EXERCISE MATERIAL:
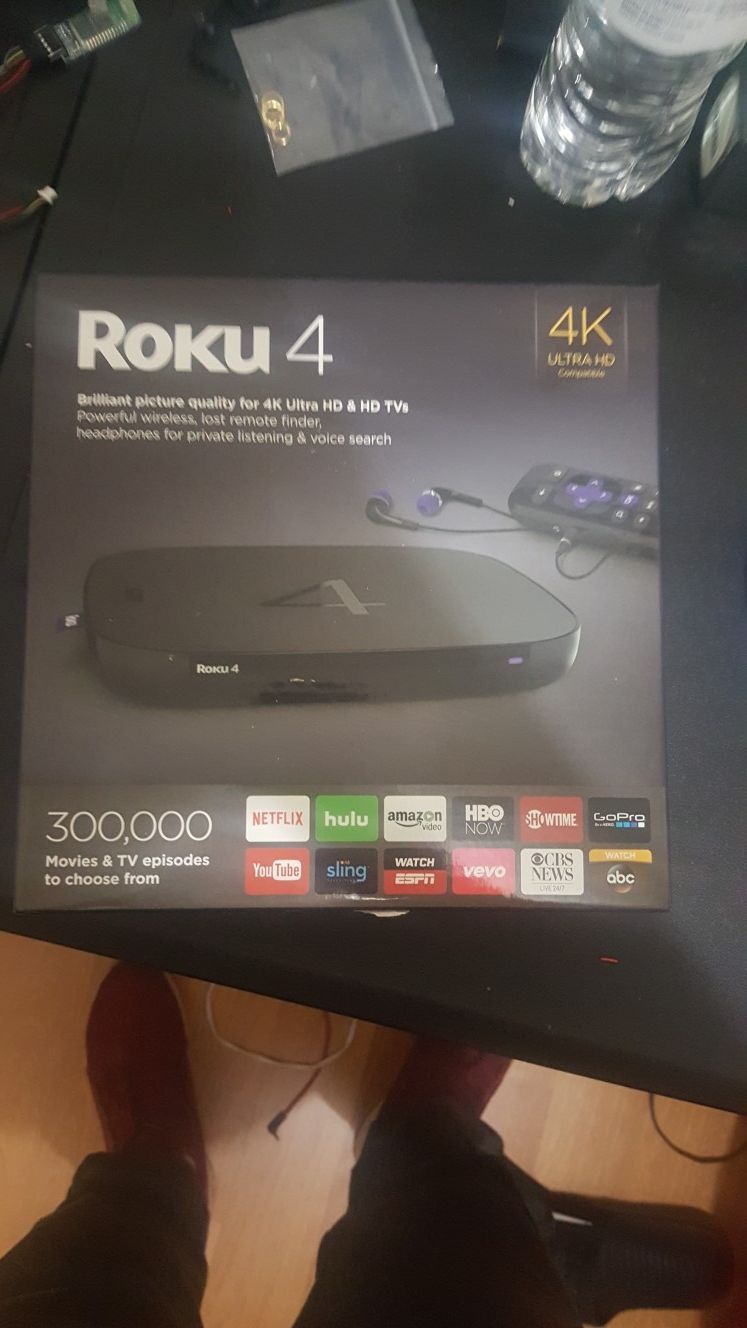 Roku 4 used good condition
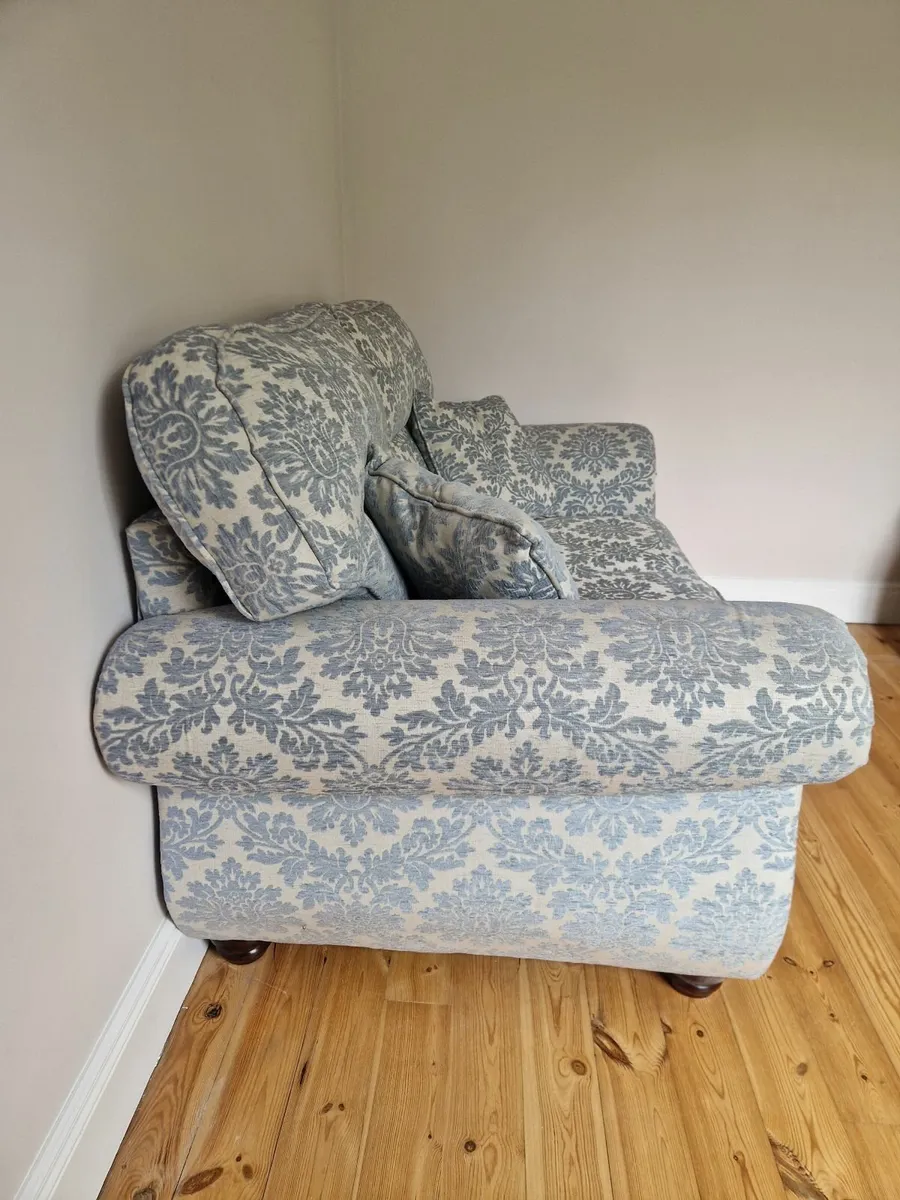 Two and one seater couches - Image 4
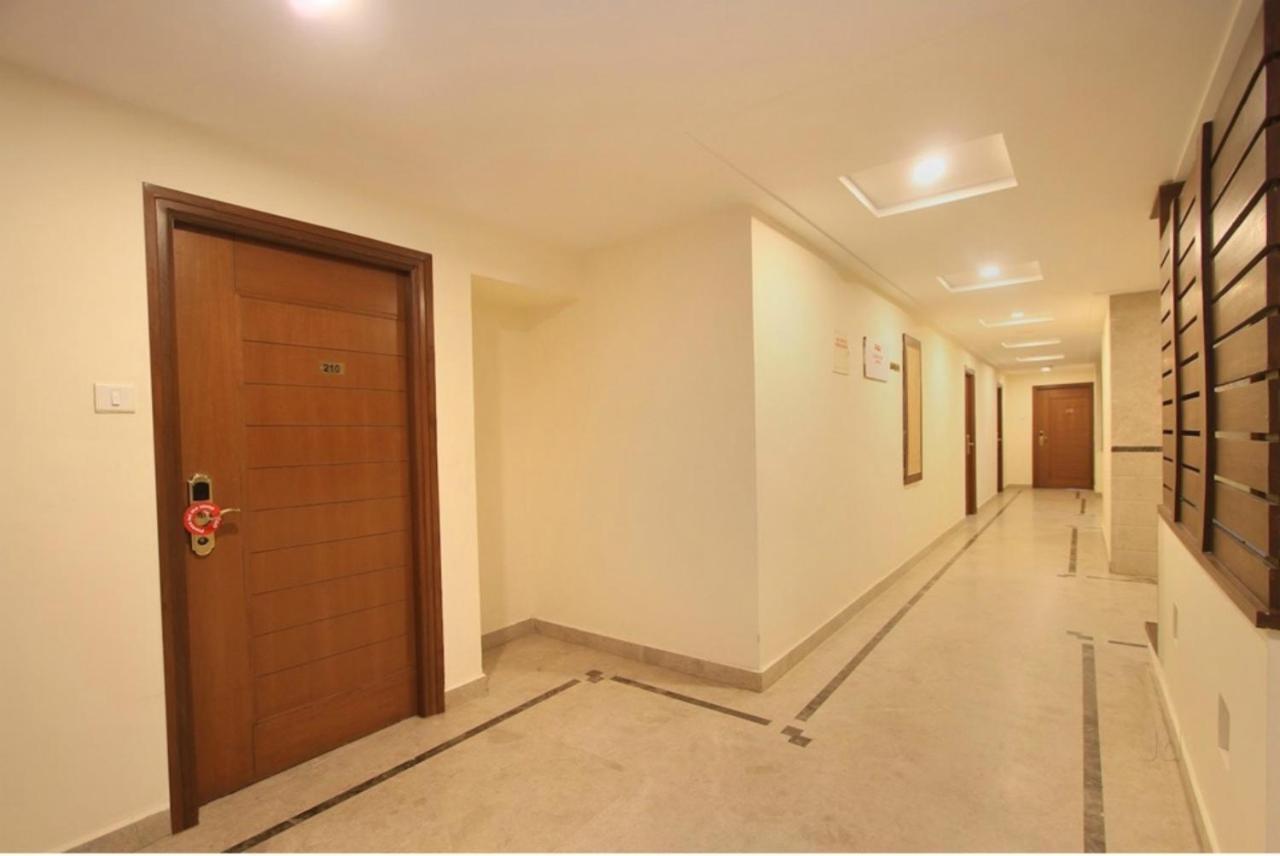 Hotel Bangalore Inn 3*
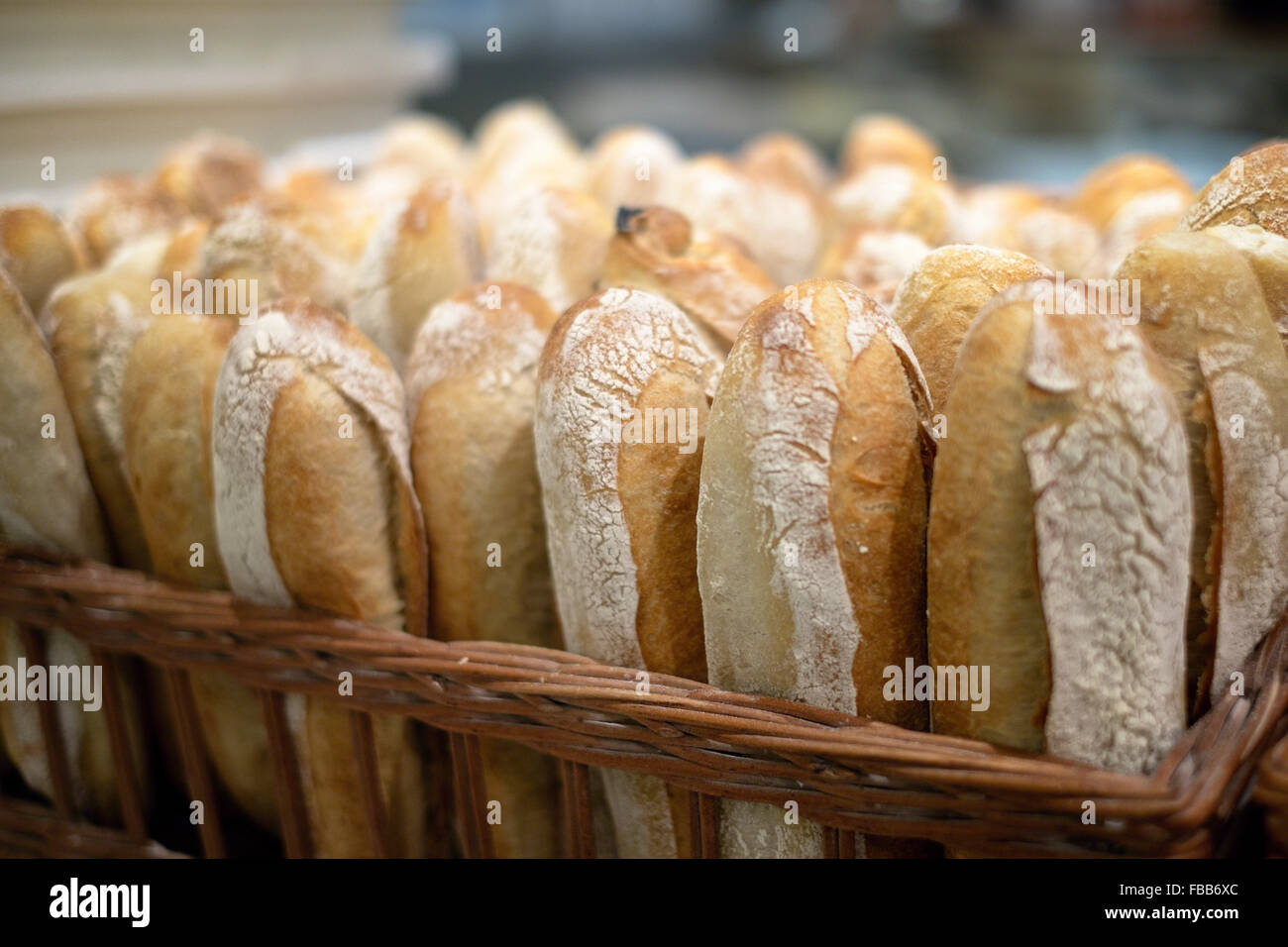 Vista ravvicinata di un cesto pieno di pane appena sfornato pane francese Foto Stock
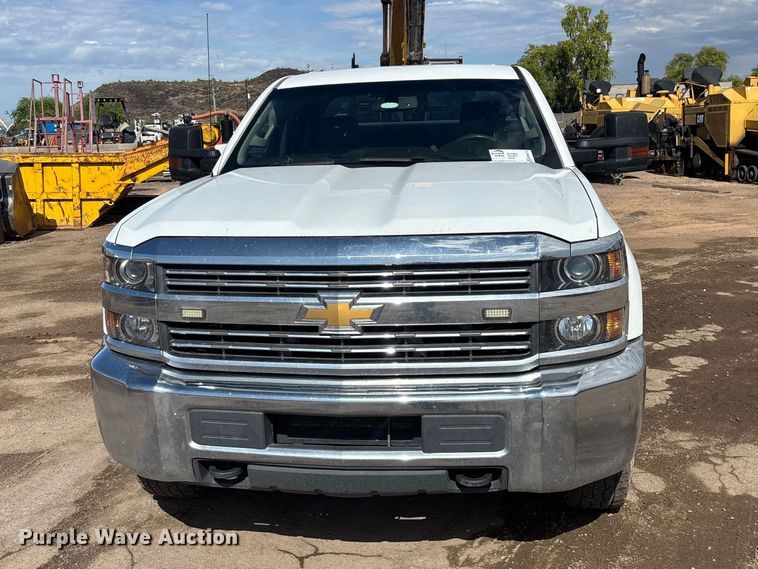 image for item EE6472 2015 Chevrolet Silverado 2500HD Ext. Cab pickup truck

WHAT YOU SHOULD DO: Output exactly the lines from the one that has "Two and one seater couches - Image 4" through the end of the data. Do not include pictures.

TASK SOLUTION:
 Two and one seater couches - Image 4
 Hotel Bangalore Inn 3*
 Vista ravvicinata di un cesto pieno di pane appena sfornato pane francese Foto Stock
 image for item EE6472 2015 Chevrolet Silverado 2500HD Ext. Cab pickup truck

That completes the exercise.